Start of Listed entries

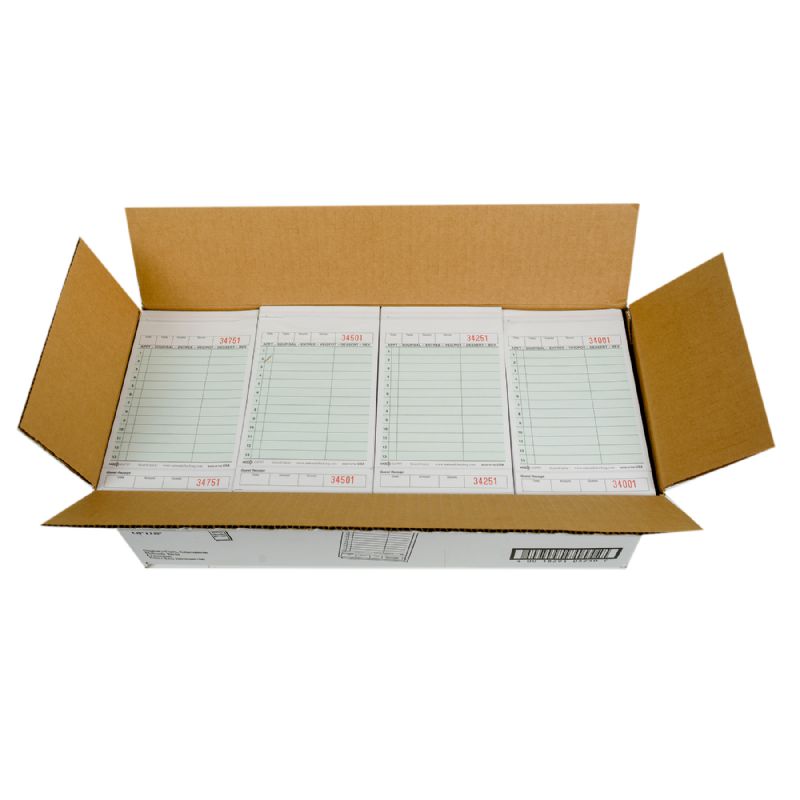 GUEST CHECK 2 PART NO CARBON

End of Listed entries
Start of Listed entries

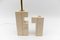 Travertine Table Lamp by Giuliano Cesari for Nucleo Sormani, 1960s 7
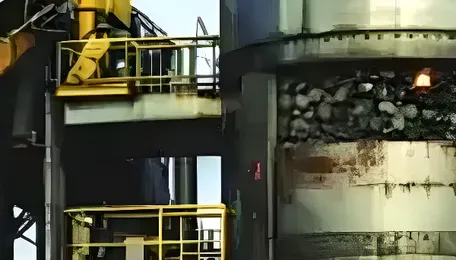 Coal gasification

End of Listed entries
Start of Listed entries

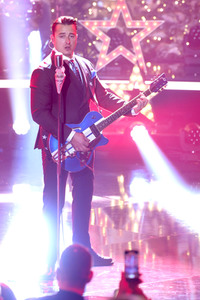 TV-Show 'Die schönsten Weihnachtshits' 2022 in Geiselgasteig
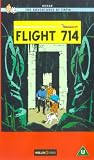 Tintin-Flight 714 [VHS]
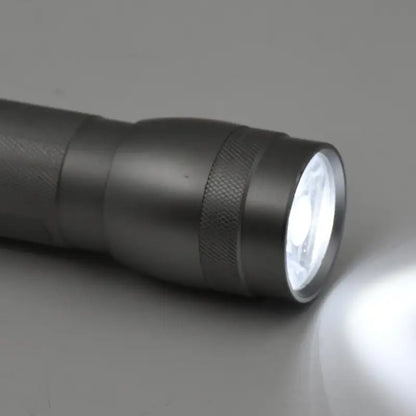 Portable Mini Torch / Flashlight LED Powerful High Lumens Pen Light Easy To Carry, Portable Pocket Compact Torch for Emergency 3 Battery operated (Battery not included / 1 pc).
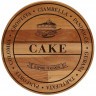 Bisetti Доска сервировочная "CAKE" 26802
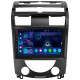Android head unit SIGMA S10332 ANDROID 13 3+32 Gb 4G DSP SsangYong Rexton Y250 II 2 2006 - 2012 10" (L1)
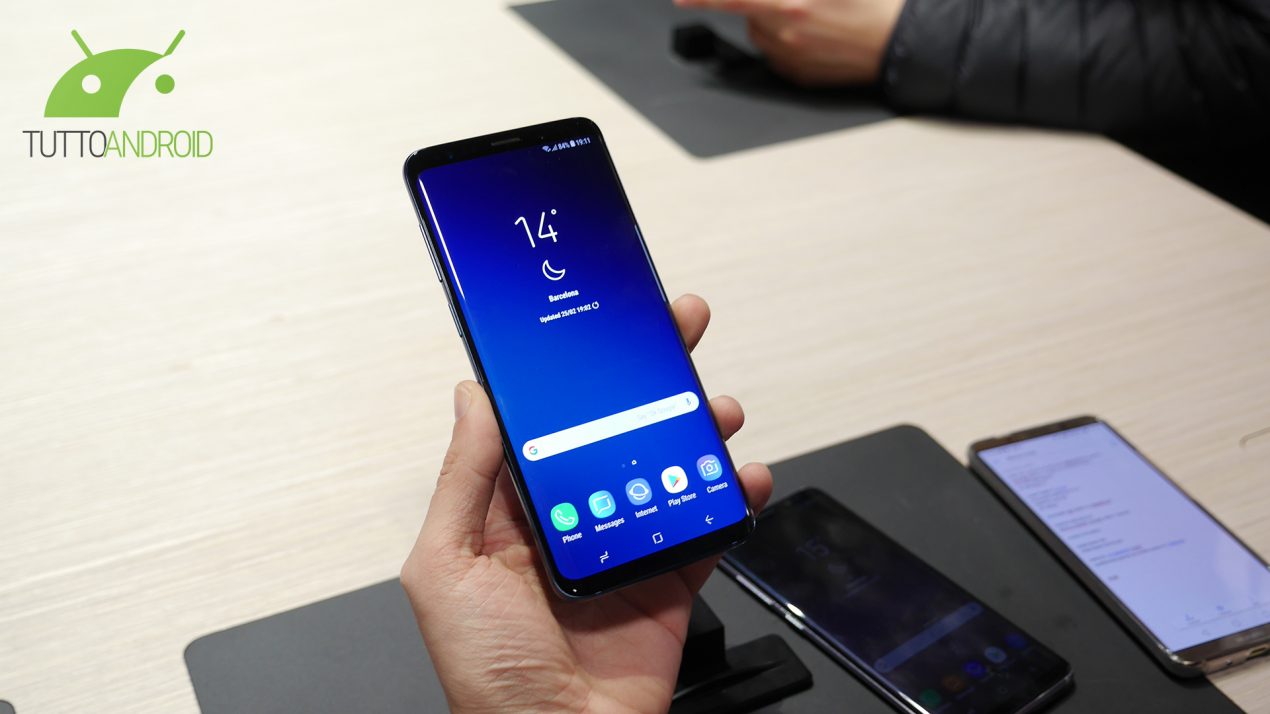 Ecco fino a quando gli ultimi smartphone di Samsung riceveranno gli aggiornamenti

End of Listed entries

§ Assignment
Without the pictures, set down the lines above from the line with "Portable Mini Torch" up to and including the line with "Ecco fino a" exactly as they stand.

§ Output below
 Portable Mini Torch / Flashlight LED Powerful High Lumens Pen Light Easy To Carry, Portable Pocket Compact Torch for Emergency 3 Battery operated (Battery not included / 1 pc).
 Bisetti Доска сервировочная "CAKE" 26802
Android head unit SIGMA S10332 ANDROID 13 3+32 Gb 4G DSP SsangYong Rexton Y250 II 2 2006 - 2012 10" (L1)
 Ecco fino a quando gli ultimi smartphone di Samsung riceveranno gli aggiornamenti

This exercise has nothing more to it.